Though the complaint is not connected to the billion dollar OPL 245 deal, the employee was working for Shell when both deals took place.
“Based on what we know now from an internal investigation, we suspect a crime may have been committed by our former employee…against Shell in relation to the sale process for Oil Mining Lease (OML) 42 in Nigeria in 2011,” said a Shell spokesman in an emailed statement.
“We have filed a criminal complaint with the Dutch authorities and are considering other steps we could take.”
The spokesman said that the two deals are “unrelated” and that there is “no case against Shell or its former employees” in the OPL 245 case.

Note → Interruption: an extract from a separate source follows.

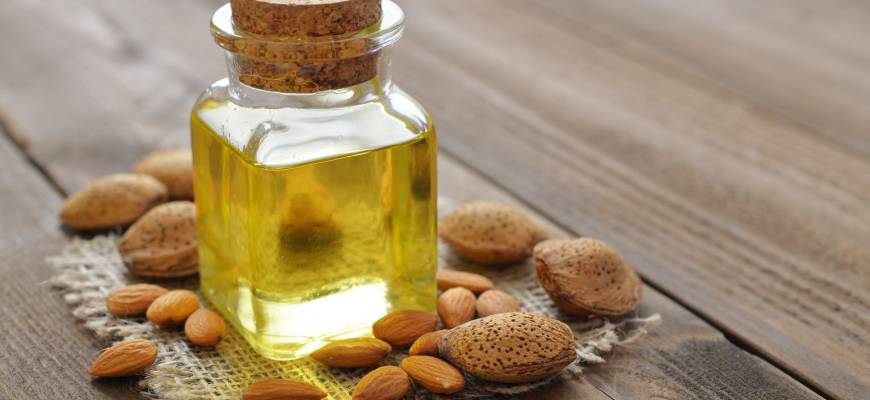 almond-oil-hair-care-products
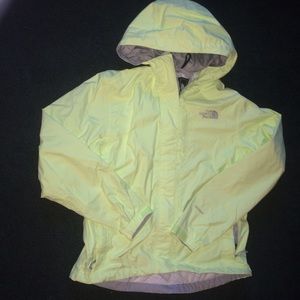 The North Face Women's rain jacket size S small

The employee may have recieved kickbacks through a company listed in Seychelles during the “unusual” sale of OML 42 to Nigeria’s Neconde Energy in 2011, said a company source.
Anti-corruption campaigners welcomed the news as a promising development.
“After years of saying that there is no place for bribery or corruption in their company, they have finally admitted that one of their most senior executives may have taken kickbacks in return for an oil deal,” said Barnaby Pace of Global Witness, an international non-governmental organisation.
Corruption is rife in Nigeria, one of Africa’s biggest economies, but perpetrators elude prosecution, often relying on an elaborate web of shell companies and middlemen to avoid detection and obfuscate blame.